Write out, word for word, the first line of the data below and every line after it through the one containing "Soieblu white laced sleeve dress long".

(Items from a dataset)
_ _ _ _ _ _ _
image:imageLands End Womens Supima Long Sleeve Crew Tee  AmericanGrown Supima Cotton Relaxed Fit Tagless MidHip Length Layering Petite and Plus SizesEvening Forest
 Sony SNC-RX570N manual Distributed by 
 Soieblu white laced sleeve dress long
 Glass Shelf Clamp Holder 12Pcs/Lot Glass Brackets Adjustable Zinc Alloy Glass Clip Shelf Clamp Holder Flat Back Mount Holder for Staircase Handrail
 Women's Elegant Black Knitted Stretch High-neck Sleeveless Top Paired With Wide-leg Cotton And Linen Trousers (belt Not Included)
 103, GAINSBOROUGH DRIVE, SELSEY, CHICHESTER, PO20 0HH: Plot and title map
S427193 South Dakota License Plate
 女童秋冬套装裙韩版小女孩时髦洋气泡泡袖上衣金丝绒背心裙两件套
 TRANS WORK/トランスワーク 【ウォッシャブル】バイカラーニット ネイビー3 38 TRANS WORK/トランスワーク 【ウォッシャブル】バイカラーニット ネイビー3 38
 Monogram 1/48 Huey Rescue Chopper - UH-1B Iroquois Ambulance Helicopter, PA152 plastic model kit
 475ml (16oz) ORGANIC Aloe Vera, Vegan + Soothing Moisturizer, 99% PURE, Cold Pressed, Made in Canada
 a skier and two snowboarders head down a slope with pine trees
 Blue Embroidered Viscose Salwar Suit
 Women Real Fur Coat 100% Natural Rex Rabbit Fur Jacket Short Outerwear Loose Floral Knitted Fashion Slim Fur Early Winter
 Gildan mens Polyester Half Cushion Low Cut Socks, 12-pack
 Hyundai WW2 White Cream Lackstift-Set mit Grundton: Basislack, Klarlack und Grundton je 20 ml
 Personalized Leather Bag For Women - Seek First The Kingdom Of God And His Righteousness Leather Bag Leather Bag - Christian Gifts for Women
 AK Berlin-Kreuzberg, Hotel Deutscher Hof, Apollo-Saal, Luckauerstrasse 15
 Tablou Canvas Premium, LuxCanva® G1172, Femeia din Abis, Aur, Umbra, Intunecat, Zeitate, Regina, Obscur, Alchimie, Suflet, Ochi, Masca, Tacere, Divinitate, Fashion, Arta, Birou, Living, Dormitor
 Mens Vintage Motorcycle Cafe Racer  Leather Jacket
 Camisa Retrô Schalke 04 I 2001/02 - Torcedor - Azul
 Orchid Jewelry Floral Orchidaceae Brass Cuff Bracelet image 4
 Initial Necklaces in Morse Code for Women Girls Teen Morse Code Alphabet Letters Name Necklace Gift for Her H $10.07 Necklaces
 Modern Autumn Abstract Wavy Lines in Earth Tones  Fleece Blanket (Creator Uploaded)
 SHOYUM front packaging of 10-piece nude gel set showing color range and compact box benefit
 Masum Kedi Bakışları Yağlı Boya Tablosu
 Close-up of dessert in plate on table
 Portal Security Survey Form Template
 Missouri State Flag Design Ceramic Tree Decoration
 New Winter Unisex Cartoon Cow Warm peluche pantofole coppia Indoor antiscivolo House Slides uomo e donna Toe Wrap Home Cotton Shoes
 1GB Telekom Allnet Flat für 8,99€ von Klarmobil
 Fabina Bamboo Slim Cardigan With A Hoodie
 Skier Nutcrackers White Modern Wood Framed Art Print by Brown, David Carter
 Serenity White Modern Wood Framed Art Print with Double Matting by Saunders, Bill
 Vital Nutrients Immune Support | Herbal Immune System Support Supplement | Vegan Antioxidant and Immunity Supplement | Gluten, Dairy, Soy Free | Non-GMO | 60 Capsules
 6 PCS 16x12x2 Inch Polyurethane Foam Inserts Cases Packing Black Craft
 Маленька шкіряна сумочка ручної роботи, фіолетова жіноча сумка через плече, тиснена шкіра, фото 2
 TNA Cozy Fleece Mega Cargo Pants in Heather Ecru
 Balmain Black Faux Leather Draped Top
_ _ _ _ _ _ _
• Your response:
image:imageLands End Womens Supima Long Sleeve Crew Tee  AmericanGrown Supima Cotton Relaxed Fit Tagless MidHip Length Layering Petite and Plus SizesEvening Forest
 Sony SNC-RX570N manual Distributed by 
 Soieblu white laced sleeve dress long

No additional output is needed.